The Midwest is Meat Country
The Midwest is commonly referred to as a meat and potatoes type of place. It is very normal to grow up here and have every meal centered on what chunk of animal protein is on the plate. However, as the environmental and health impact of eating meat at every meal has come into question, more and more people are trying to begin a plant-based diet, and reduce the amount of meat being eaten on a weekly basis. All in all, this is a good thing. Generally speaking, incorporating more plants into your diet is only going to yield positive results. Things like the 800 gram challenge are a great way to begin on this journey. However, it does leave a big question – if you reduce meat intake, how do you eat enough protein? Especially if you care about the quality of your workouts, this question matters to you a lot.
Why protein matters:
Keeping this short and sweet, you care about protein intake because if you do not meet minimum protein requirements, you will die. Plain and simple. Protein is not a nutrient like carbohydrates which can be removed from your diet and you survive. You literally need it to function. So get enough of it. The USDA says that a standard 2,000 calorie diet for a woman needs to contain 46 grams of protein, and a man needs 56 grams of protein. This is for survival. If you are physically active, you’re going to need to greatly increase that number (and frankly, if you want to look, feel, and function your best, you’re going to need at least two times that amount – minimum).
Got it – eat protein. But without meat, how?

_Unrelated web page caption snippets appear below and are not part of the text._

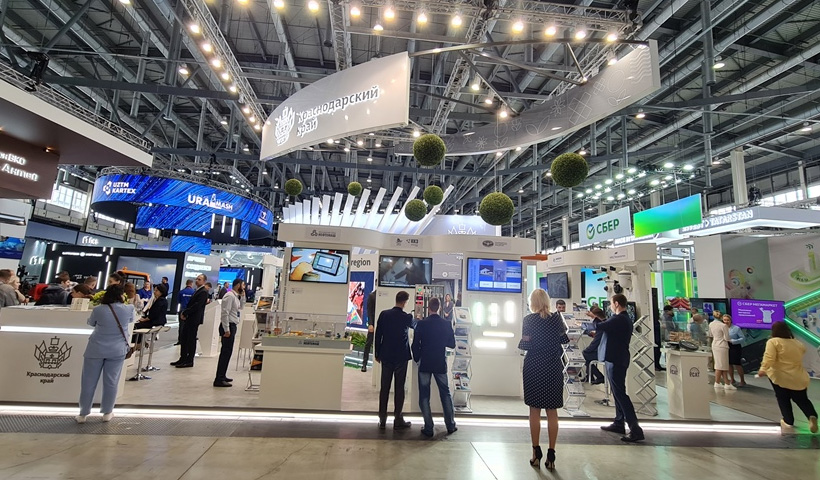 Стенд Краснодарского края на выставке «Иннопром-2022»  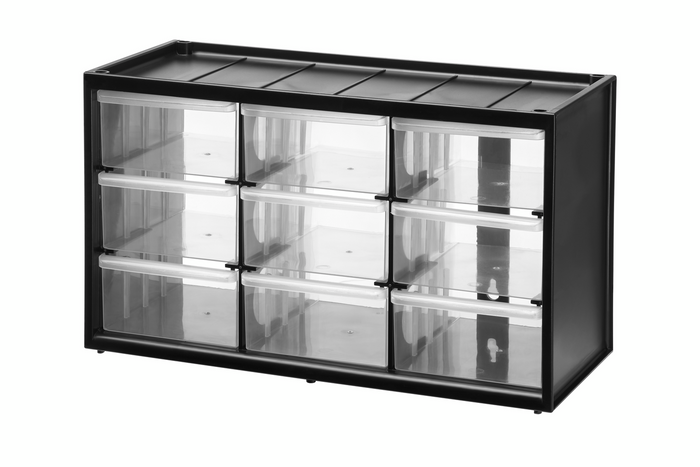Organizzatore per officina con 9 cassetti, mobiletto STANLEY in OPP, 365x210 mm
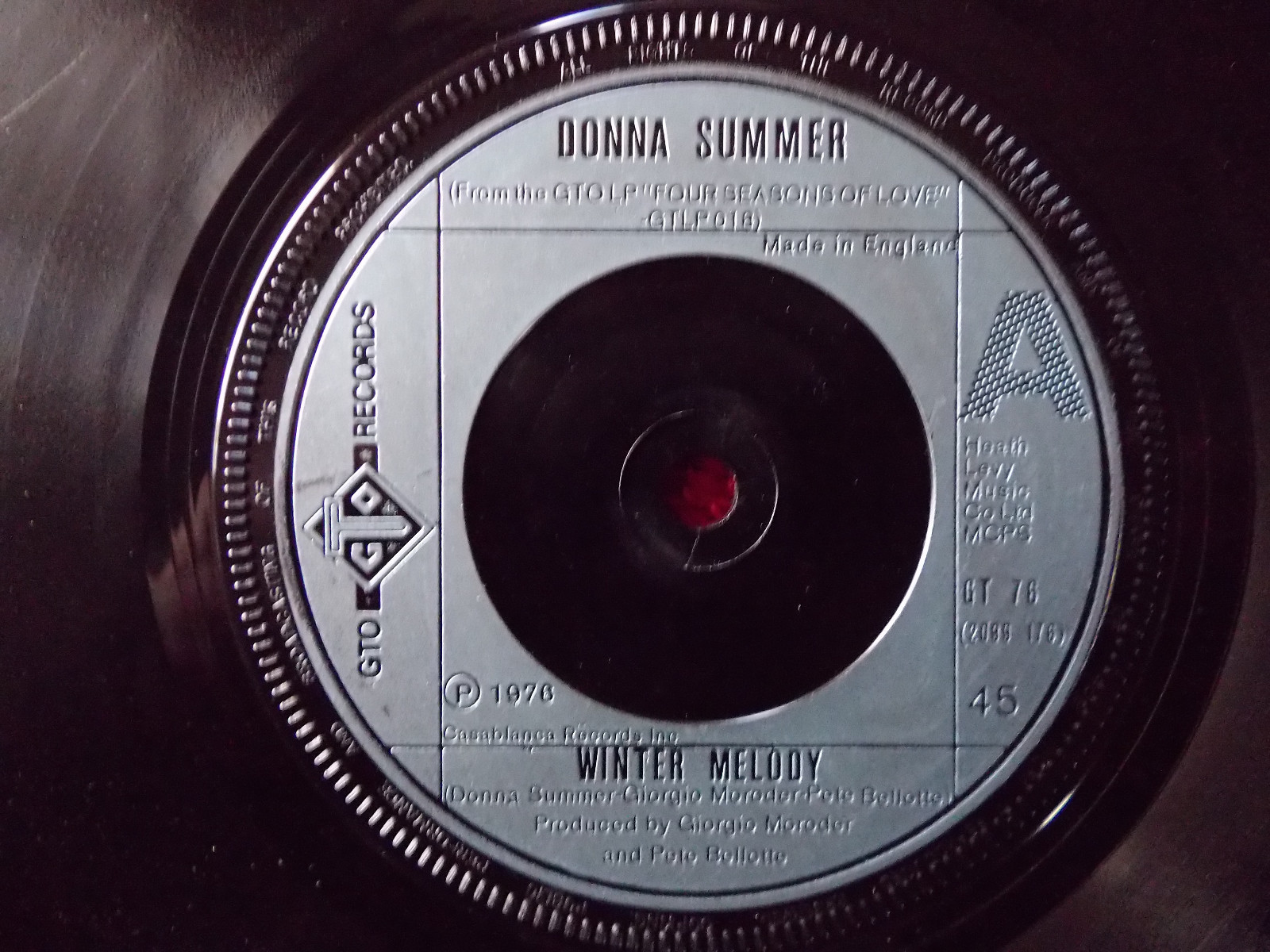 Donna Summer – Winter melody / Wasted | GTO Records, Single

You may be choosing to reduce your meat intake for any number of reasons:
- Ethically you don’t wish to consume animal products
- You want to make a positive environmental impact
- You don’t like the taste
- You want to include more plants in your diet
- Meat makes you feel bad after eating it
Whatever your reason is, you need to address how you’re going to keep protein levels where they need to be if you’re going to replace meat protein with other options. The rest of this article will outline three ways to still eat enough protein, even without animal meat.
If you are eating dairy:
If you are starting a vegan lifestyle, or even multiple vegan days per week, you can skip this section. However, for those of you who will include animal products but not animal meat, dairy is a great place to begin. Greek yogurt, Icelandic skyr, and ultra-filtered milk all contain at least 13 grams of protein per serving. Here are a few ways to use them at various meals and snacks:
- For breakfast, mix 1 cup of skyr or Greek yogurt with fresh berries and nut butter for a breakfast of approximately 30 grams of protein
- Rather than including grilled chicken with a burrito bowl for lunch, create a buddha bowl and make a curry-spiced yogurt topping for dipping vegetables and mixing with grains
- For dessert, instead of reaching for ice cream or any other sweet, pour a glass of ultra-filtered milk. You’ll get a sweet kick without any added sugar, zero lactose, and a full serving of protein, as well.
No dairy, no problem:
If you are looking to cut out animal meat and dairy entirely, you certainly need to be more attentive to what you’re eating. The challenge becomes finding a complete protein (aka one with all nine essential amino acids) – but challenges are made to be overcome and here are a few options:
- Tofu and seitan. Both of these meat substitutes have a high protein content and are excellent sources of protein in your diet.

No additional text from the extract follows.